There are some sports that aim for parity; the NFL is the most obvious example with its core belief of ‘Any Given Sunday’ seen every weekend by punters on the sport where unfathomable results are the norm. Such was the dominance of seven-footer Lew Alcindor in college basketball in the 1960s that the authorities actually banned his signature move, the slam dunk, between 1967 and 1976, a law that became known as the ‘Lew Alcindor Rule.’
The Irish racing authorities are not known for levelling the playing field however and on the contrary tend to pander to the interests of big players. One possible solution is reducing the number of graded races and this applies across the board in flat racing and in the UK too. In general, there are too many graded races, too many opportunities for the top horses to swerve each other.

Rather than work against this however, the authorities seem to actively promote it; when the upgrades and downgrades of races come out each year, there are invariably more of the former than the latter with the recently upgraded three-mile hurdle at Leopardstown at Christmas a good example of an unmerited Grade 1. Limiting the number of such races however would be one in the eye for breeders however, with all their false black-type, and Irish authorities, both in government and in racing, have been notoriously unwilling to offend this group.
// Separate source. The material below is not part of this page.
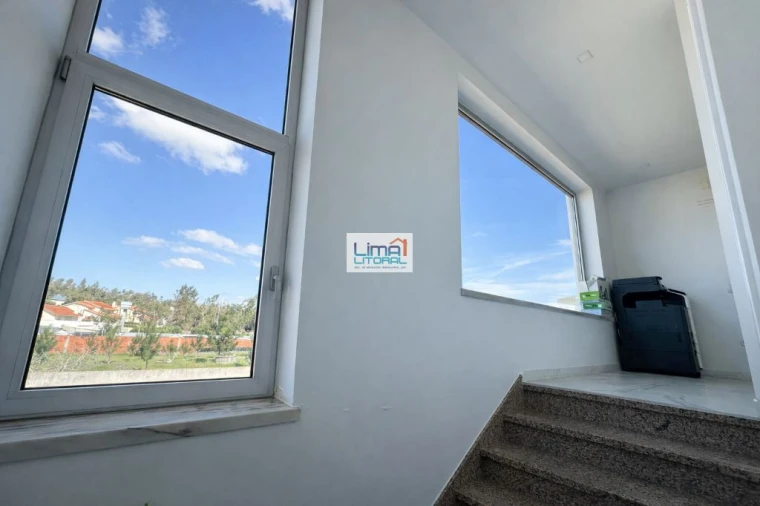 Escritório para Venda em Marinha Grande Foto 11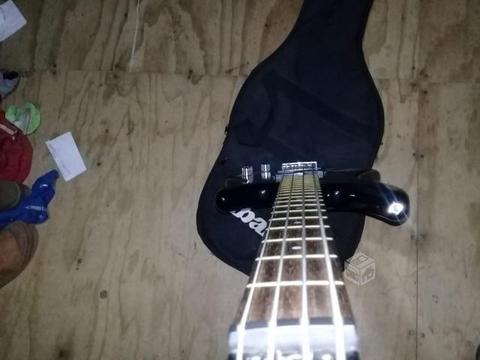 Bajo ibanez Gio soundgear 4 cuerdas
In all of this, it is worth remembering that Willie Mullins isn’t perfect though there may be times during the season when he might need a touch of memento mori after another big win, the Roman tradition of a slave reminding a victorious general of his mortality. The knock on the trainer is that for all his Cheltenham success and there have been 29 winners in all, he has struggled in the open championship races, registering only two wins in such races, both coming from Hurricane Fly.

Perhaps getting some of his many novice race Festival winners, 19 in total, to progress to open company could be his next trick.